CD Title: “Kaleidoscope”

Label: Moonjune Records

Label Website: www.moonjune.com

Release Date: 2007

Band Website: http://digilander.libero.it/dfa

 

In their short history, Italy’s DFA have made quite a reputation for themselves becoming almost a cult classic. Their style is one that borrows from the classic Italian symphonic style and incorporates a healthy dose of jazz-fusion into the mix. Their first CD Lavori In Corso was released in 1997 and was selected as one of the top releases for that year by Keyboard magazine. In 1999 they released a follow-up entitled Duty Free Area which developed their trademark style even further. Both these releases have now been remastered and released as a double CD for fans old and new. 

 

Many of you are probably well acquainted with DFA’s busy, jazz-influenced progressive rock style. DFA consists of Luca Baldassari (bass), Silvio Minella (guitar), Alberto De Grandis (drums) and Alberto Bonomi (keyboards).

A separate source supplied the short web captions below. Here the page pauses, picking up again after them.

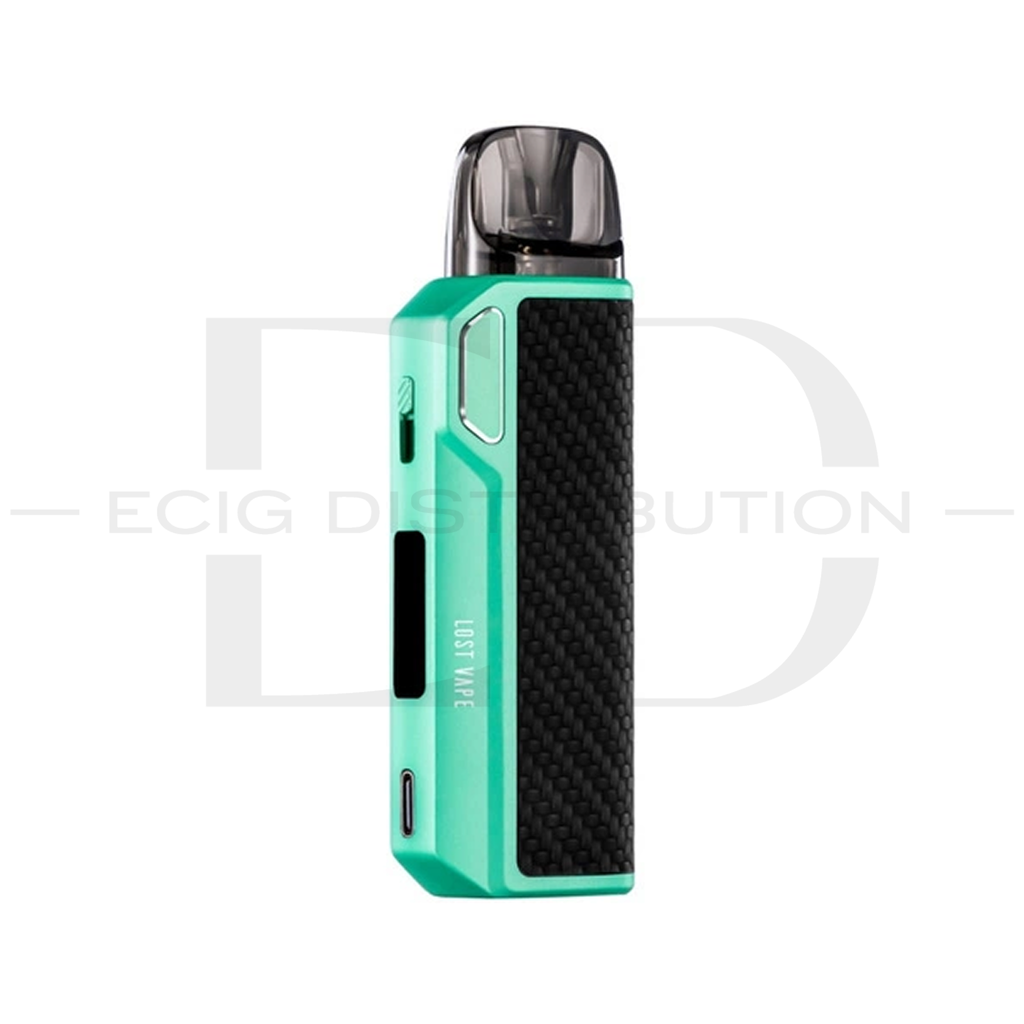 Lost Vape Thelema Elite 40 Pod Kit - Emerald Carbon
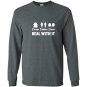 2 scoops 2 genders 2 terms trump Long Sleeve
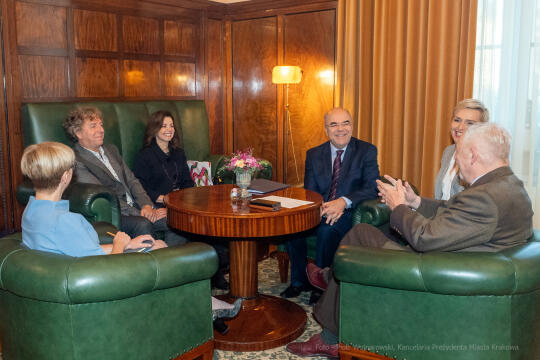 ambasador, Brazylia, Haroldo, de Macedo Ribeiro, konsul, Hajdarowicz, Majchrowski, spotkanie, UMK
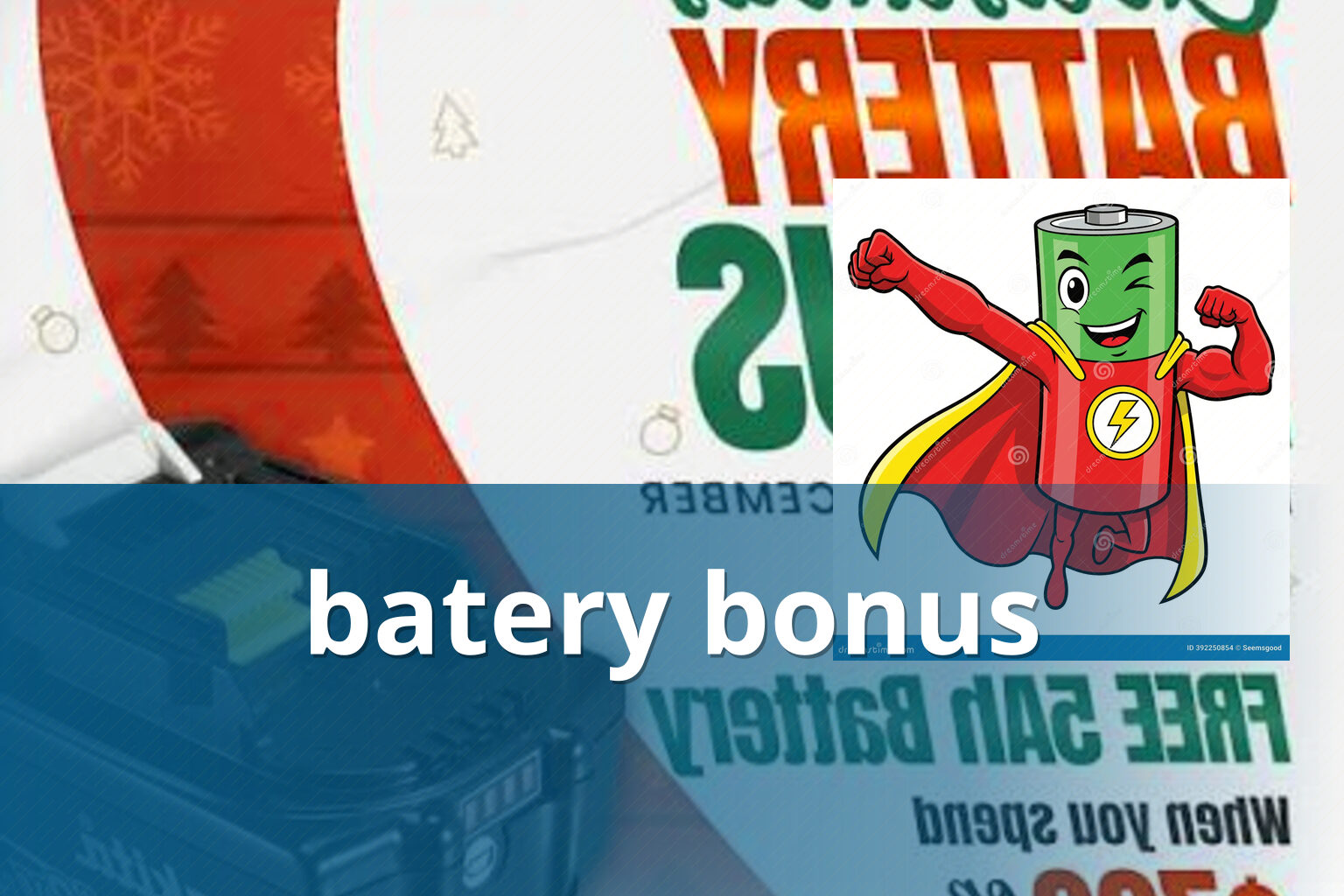 batery bonus - gaming_brand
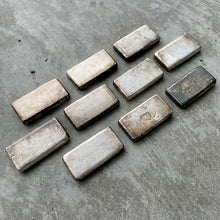 Load image into Gallery viewer, Group of 10 Engelhard 5oz .999 Fine Silver Bars
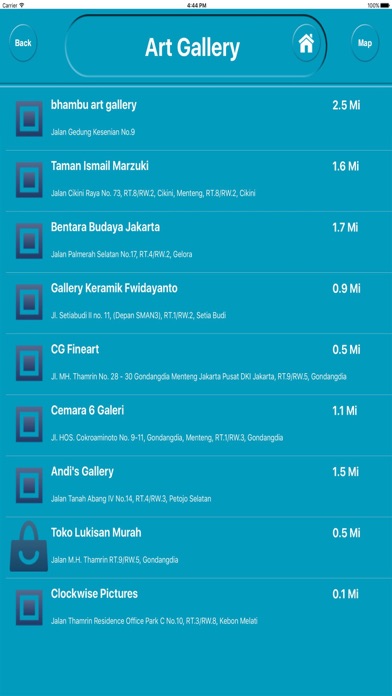 Jakarta Indonesia Offline City Maps Navigation iPhone Jakarta Indonesia Offline City Maps Navigation iPhone
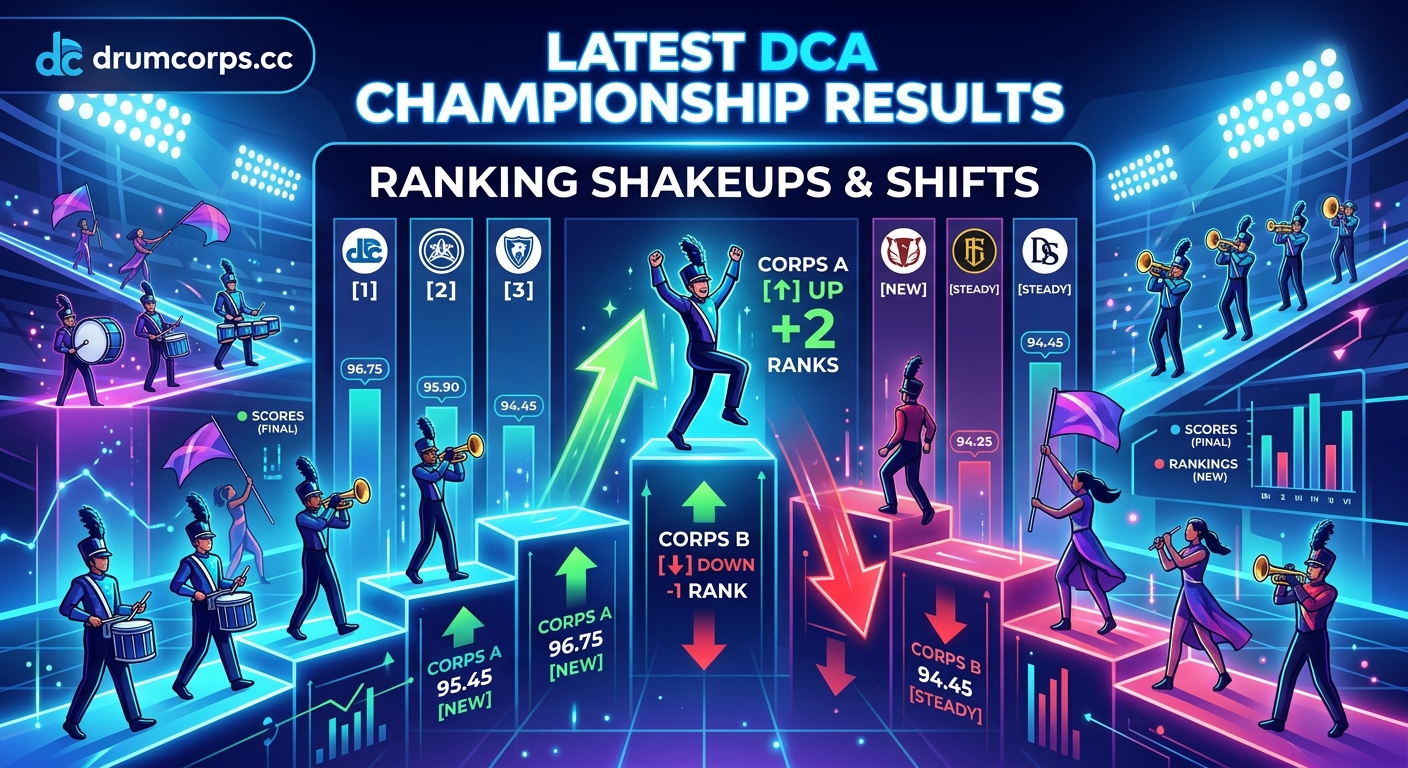 How the Latest DCA Championship Results Are Shaking Up All-Age Corps Rankings — 1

The compositions take the traditional approach which places the guitar and keyboards out front trading off solo spots while the bass and drums provide the rhythm in the background propelling each piece forward. Listening to “Escher” (10:51) off their second CD says it all with the piece starting out in a softer style, trading licks back and forth while the song builds in intensity to climactic finish. In fact these guys “smoke!”

 

DFA’s music can be divided into two distinct styles; tracks like “Caleidoscopio” (9:38) and “La Via” (16:22) tend to be more slow-ish and spacey with the melody captured by the vocals while the band sets up a slow groove with each instrument taking a short solo, eventually building in intensity to a big finish, while other tracks like “Trip on Metro” (6:38) start out busy and keep building to a blinding finish, a cacophony of sound.

 

The compositions are a mix of instrumentals and vocals with pieces as long as 16-minutes and as short as 4-minutes. Most of their music is composed in the 7-10 minute range allowing them time to take their music in several directions. Even the pieces that have vocals still tend to place more emphasis on their instrumental prowess. Now this is an important point because even while DFA incorporate a healthy amount jazz or fusion in their music it’s never at the expense of an overall symphonic feel. Their music is rich in texture creating a lush landscape.

 

If you happen to unfamiliar with DFA, this is your lucky day! With the re-release of their first two studio albums in this remastered set you have the chance to experience this group with enhanced sonic clarity. If you already have these releases Kaleidoscope comes with 3-live bonus tracks recorded in Italy. This is a great release for both fusion and symphonic prog fans everywhere as it presents the best of both styles equally well. DFA are one of those bands everyone will enjoy having in the collection.